Fig. 2 compares the measured and simulated pressures in the capping stack on July 15, 2010. The step-like rises in pressure correspond to successive turns of the valve to choke back the oil discharge rate. After full shut in was achieved with the final valve turn, the simulated shut-in pressure quickly approached the observed shut-in pressure of 6,600 psi (46 MPa). The close match between observed and simulated pressures indicated that there was a reasonable scenario in which the Macondo Well had full integrity (i.e., no leakage after shut in), but the oil reservoir had been significantly depleted during the blowout. Although the possibility of a leak could not be ruled out, the decision was made by the government to extend the shut in beyond 24 h, with reevaluation of that decision at regular intervals. At this same time, an intense geophysical surveillance effort (described below) was begun to monitor for signs of leakage from the well. Wellhead pressure and geophysical monitoring data were independently reviewed and discussed by BP and the government oversight team, initially at 6-h intervals and then at 12- and 24-h intervals, to determine if the well should remain shut in. If signs of leakage were detected, then the Macondo Well would be immediately reopened.

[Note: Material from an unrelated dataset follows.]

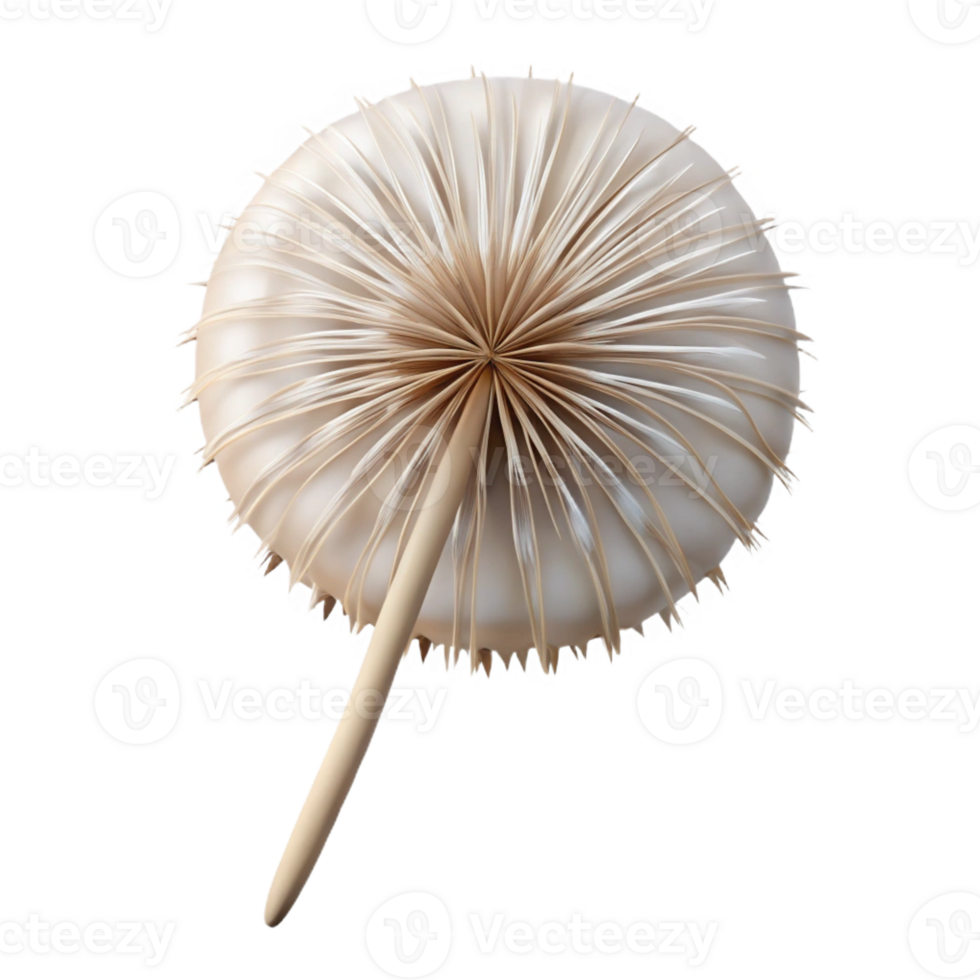 serene rustic A Single Delicate Dandelion Seed Head Ge original png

As shut in continued beyond 24 h, additional shut-in pressure data were used to update the reservoir model. After about 2 d of shut in, it became apparent that the initial model needed to be revised. A Horner plot analysis (20) of the pressure data (Fig. 3) indicated that the oil reservoir could be more appropriately modeled as a long, narrow channel instead of a square. This revised reservoir geometry was more consistent with the known geology of the Gulf of Mexico and the depositional setting of the Macondo Reservoir (21).
Fig. 3.
Horner plot (20) of wellhead pressure after closure of the capping stack on the Macondo Well until final well kill and cementing operations began August 3, 2010. The period of oil discharge (tp) before closure is 86 d, and Δt is the elapsed time since full shut in on July 15, 2010. The bottom horizontal axis is plotted on a log scale that increases to the left, and therefore, time increases to the right (top horizontal axis). Diamond symbols show shut-in pressure measured by the pressure gauge PT_3K_2. The line shows the simulated shut-in pressure calculated by the revised model, in which the oil reservoir is represented by a long channel. (Modified from ref. 18 with permission of the National Ground Water Association, Copyright 2011.)
With the availability of additional shut-in pressure data every 24 h, the reservoir model was revised on a near real-time basis by adjusting the width and length of the reservoir channel and the location of the Macondo Well to improve the fit between simulated and observed shut-in pressures. The reservoir permeability and the formation compressibility were also adjusted, but these measurements remained within ranges typical of reservoir sands. The oil discharge rate used in the model was also revised from 55,000 to 50,000 bbl/d (from 8,700 to 7,900 m3/d), the most up-to-date estimate by scientists from the Department of Energy National Laboratories during late July of 2010. Model parameters were estimated using the program PEST (22), which enabled considerations of uncertainties in estimated parameters and projected shut-in pressures. With increasing availability of pressure data as shut in continued, the model was able to fit the shut-in pressures, and the uncertainty in projected pressure narrowed. The pressures simulated by the revised model closely match the observed pressures through August 3, 2010, when final well kill and cementing operations began (Fig. 3). The good fit between observed and simulated pressures throughout this shut-in period provided continued support for the idea that the Macondo Well had maintained its integrity.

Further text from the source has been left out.